The sale prices are in the $500,000 range. Do I adjust sale #1 with no broker $25,000 because of no commission being paid in my sales comparison approach?

What about the income approach? Where do I account for no broker in the income approach?
Commercial is different simply, if for no other reason, the percentage of direct transfers are considerably higher in many cases. Actually, I have found for some commercial property types that, on average, it sells for a little higher if it is NOT listed by a broker. That is largely due to a buyer often approaching the seller and thus the seller holding the cards. Brokers often list a property when it does not have a buyer, thus it goes lower. I wouldn't tell this to some of the local guys, but certain property types might net a higher price if it is with a broker specializing in that type of property. I remember seeing a trailer park selling for a 25% cap rate (not including mobile homes). Many of the brokers specializing in mobile home parks do not sell parks quite that small, but I believe that property would have been better off being sold by someone else (or even themselves). Now, obviously there is a highest and best use element there, but that is over and above the consideration of the purchaser, functional obsolescence of the property, etc.
On residential, I think it is silly for some people to even try to list FSBO in some markets, and many of them end up going to a Realtor after it doesn't sell. A lot of times, the asking price on the FSBOs are not reasonable (too high), but they also don't reach the same number of people as brokers do when they put it on MLS, etc. Other markets have a higher expectation of FSBOs and it might be wise to try to go that route and save a few percentage points.
No one has mentioned this in the thread yet, I don't believe, but all of the discussion in this thread can be summed up in a couple words: Market imperfection or market inefficiency. In my old finance classes, we studied efficient/ perfect markets and it is well known that real estate is generally not one of those, which is manifested in these types of issues.
 
Good discussion, thank you! I did not put anything regarding the reduced commission in the sales grid, because I do see how this could be a 'black hole'. I just mentioned it in my reconciliation comments.
 
My Man.

Reason I don't adjust for concessions is reason you don't adjust for realtor fees. If we don't adjust for money exchanged outside the 1 bank transaction of $500,000. Not gonna adjust for the $5,000 gift the seller gave buyer for closing costs. It was a service credit. Not a price credit.
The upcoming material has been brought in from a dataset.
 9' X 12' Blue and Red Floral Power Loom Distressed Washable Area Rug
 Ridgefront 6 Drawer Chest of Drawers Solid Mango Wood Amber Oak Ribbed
Violation of cert folks. Nope. Didn't affect sales price. Was a service credit.
BS...the seller would have sold for $5,000 less. The commission is something that probably brought in a higher yield in the seller's pocket and saved them from spending all of that time trying to sell it themself. It paid for itself, unlike the concessions which just sucked the seller's profit. It's just like when a seller hires a painter to paint the house to get a higher price.
 
The seller who reduces his price 6% is going to net the same as the guy using a Realtor and his house will sell faster than the others. Sounds prudent to me.
well....if the home magically marketed itself correctly and legally....but it takes time and skill to learn how to sell and then sucks up your time selling your property. Time is money. Liability is money. If they ended up selling 6% below, then trust me, it cost them a whole lot than that.
 
BS...the seller would have sold for $5,000 less. The commission is something that probably brought in a higher yield in the seller's pocket and saved them from spending all of that time trying to sell it themself. It paid for itself, unlike the concessions which just sucked the seller's profit. It's just like when a seller hires a painter to paint the house to get a higher price.

So do we adjust for services such as closing costs that bankers get paid, commissions realtors get paid and taxes, transfer fees city/state gets paid?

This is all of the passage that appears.